Lee Harris grew up in Glassboro, New Jersey.
Harris enjoyed success in sports at Glassboro High School, went to Norfolk State and had dreams of playing professional football, but writing “When the Child Cries” in college became a life-changing experience and altered his career direction, Harris noting “I always tend to be realistic.”
He told a writer, “I figured my chances of being a football player were one in 199, so I decided, ‘Why not prepare myself for something else?’ Now I feel like I’m doing what I was put here to do.” So Harris became a playwright, poet and promoter and moved to Bettendorf, Iowa, where he started his own company named L. Arnold Productions. L. Arnold is a pen name combining his first name initial and middle name.
He wrote well over 2,000 poems, tackling civil rights issues and calling the work his “companions.”
There isn’t much that the entrepreneurial Harris hasn’t accomplished.

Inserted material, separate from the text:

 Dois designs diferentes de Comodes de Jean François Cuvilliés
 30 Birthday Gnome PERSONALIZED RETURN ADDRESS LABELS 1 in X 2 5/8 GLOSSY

He transferred from Norfolk State to Glassboro State College, earning his undergraduate degree in sociology. He served in the U.S. Navy and later as an aviation officer in the Marines. After serving in the military, he attended graduate school at the University of Michigan in the Department of Speech Communication, Theatre and the University of Iowa in the Department of Speech Communication and Dramatic Arts, and Rutgers University.
In addition to all of this, for many years he work as a manufacturing manager in industry with major companies like General Motors and John Deere.

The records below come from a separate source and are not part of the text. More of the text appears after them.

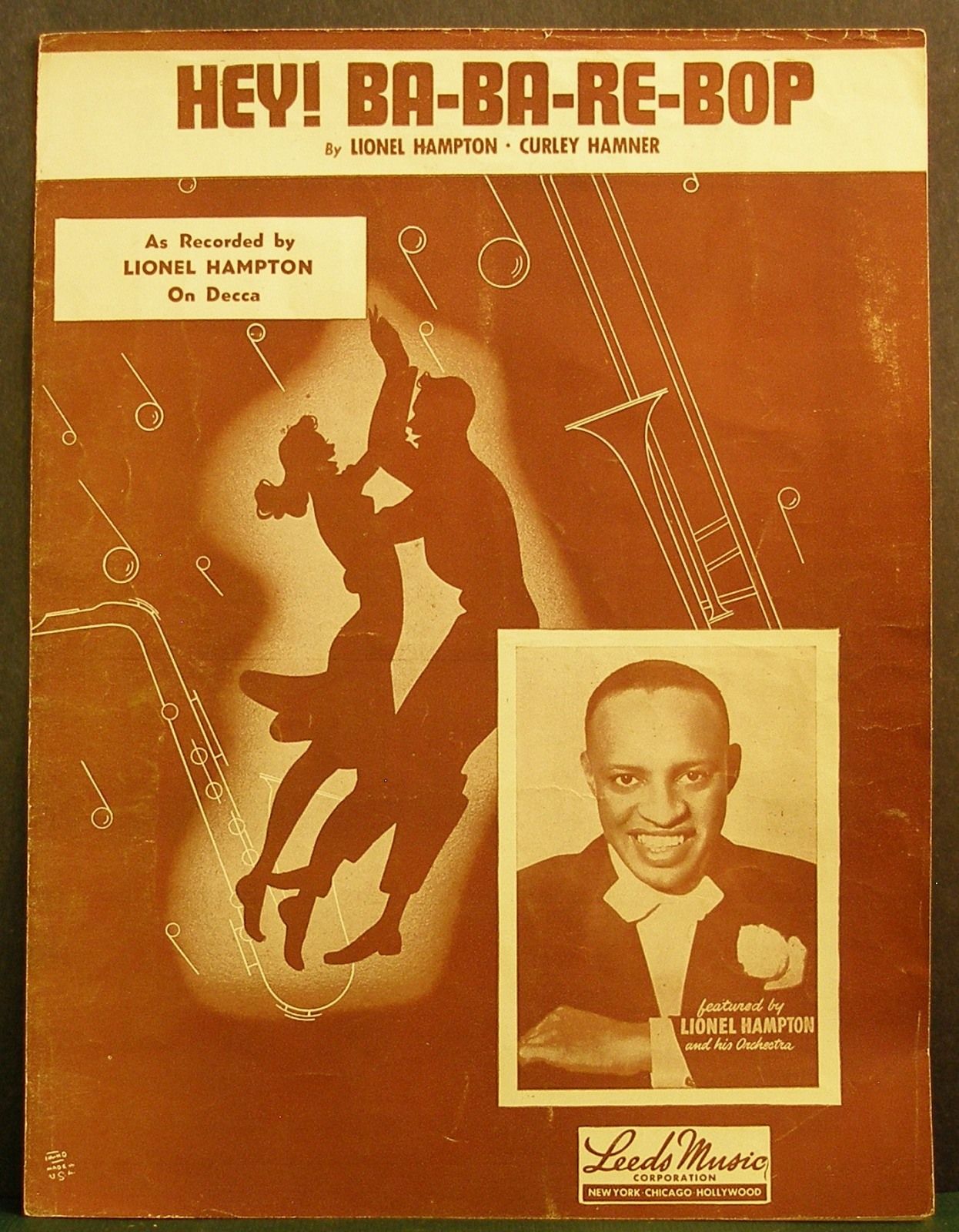 Lionel Hampton Hey Ba Ba re Bop Leeds Music Co Sheet Music 1946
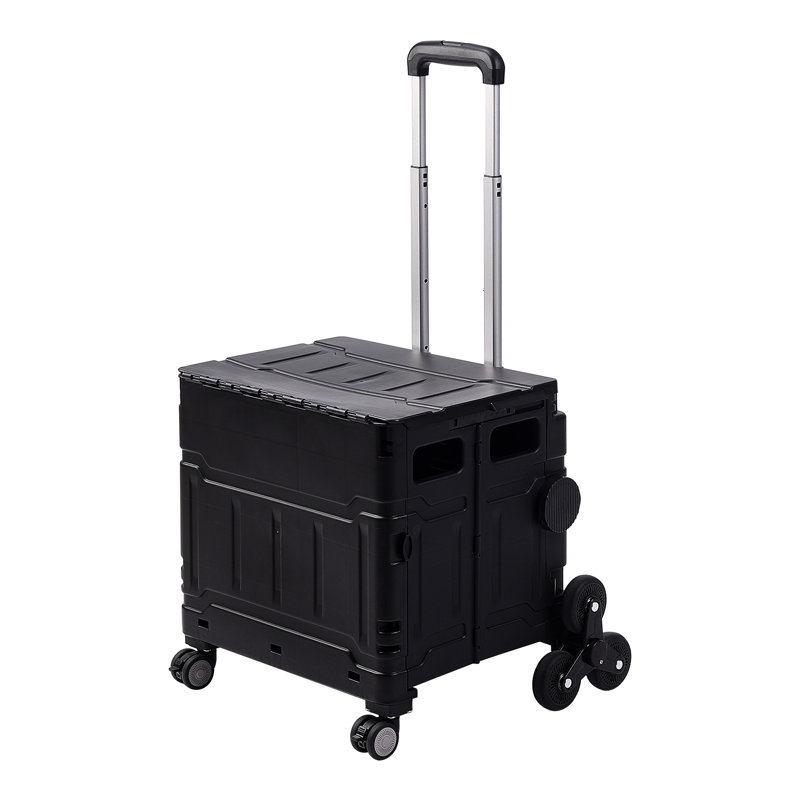 Dirksen 41cm H x 33.5cm W Utility Cart with Wheels, Black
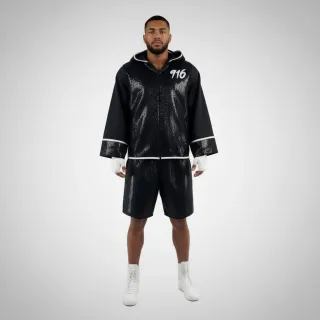 custom boxing jacket black sequins hoodie style long sleeves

Harris has been perhaps most visible as a successful boxing trainer, notably managing fight camps in Las Vegas, and Atlantic City preparing fighters for
world championship bouts.
He also acts in his own play, portraying a lighthearted character named Uncle Hucklebuck.

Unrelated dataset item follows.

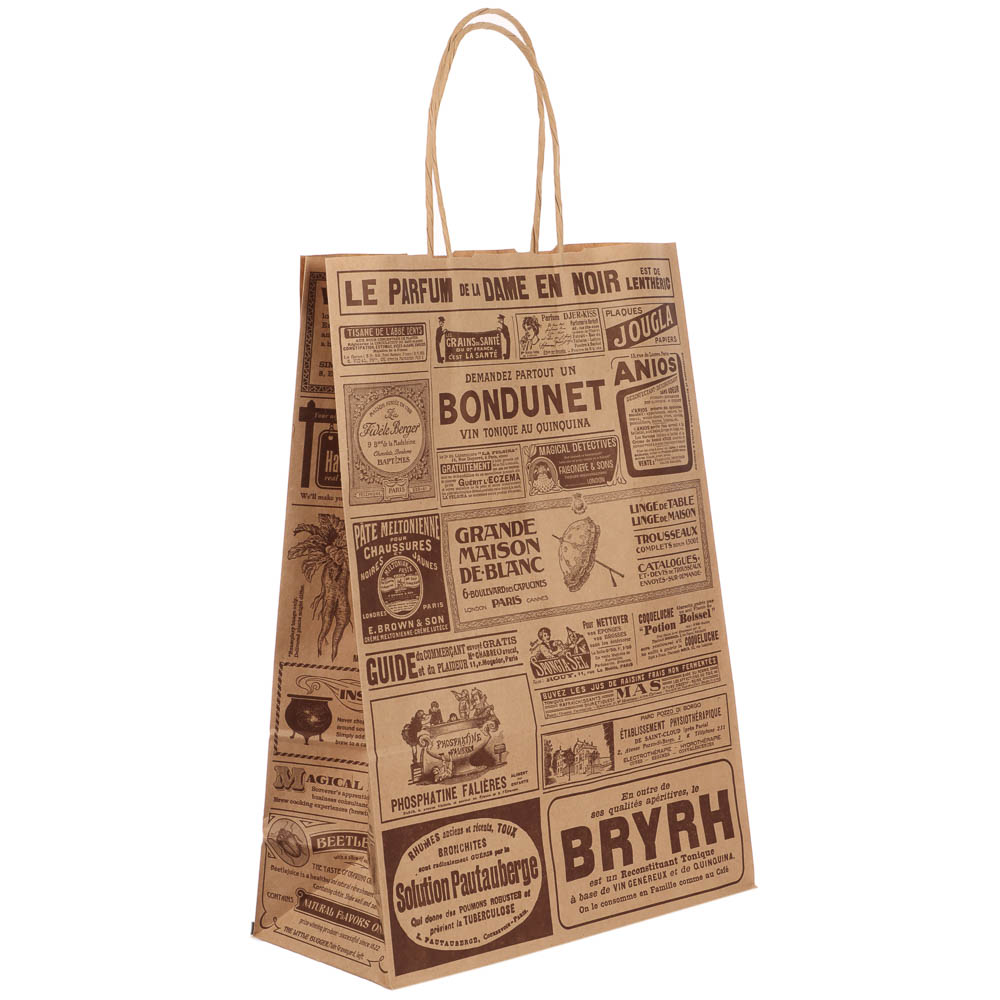 Пакет подарочный с кручеными ручками крафт 24x10,5x32см, "Газета", в ассортименте - #2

He states that his most important role today is to use his resources, company, and acquired skills and talents to encourage, empower, and support our youth, and the less fortunate in society, to be all that they dream of being. Harris states, that nothing would make him happier than for them all to become responsible and contributing members in their communities and to go on to be the ones to affect positive change for others in the future.